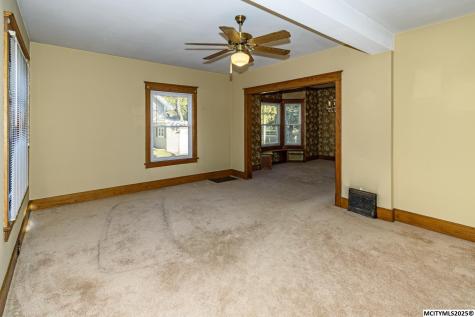 221 9th NW Mason City IA 50401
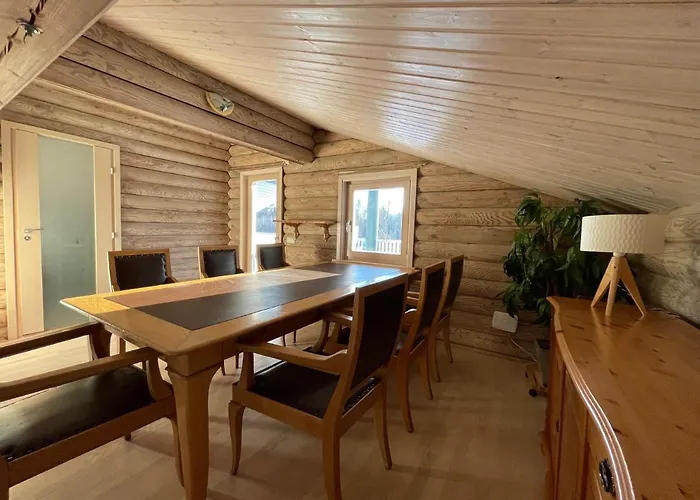 Vila Uuekadaka Pohja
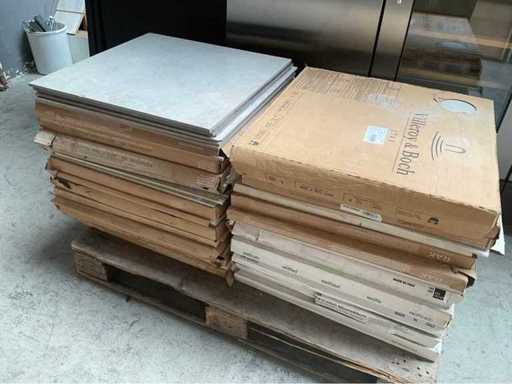 Diversen vloertegels circa 35m2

TASK TO COMPLETE:
Set down the material word for word, and drop every picture from it.

RESPONSE TO THIS TASK:
 221 9th NW Mason City IA 50401
 Vila Uuekadaka Pohja
 Diversen vloertegels circa 35m2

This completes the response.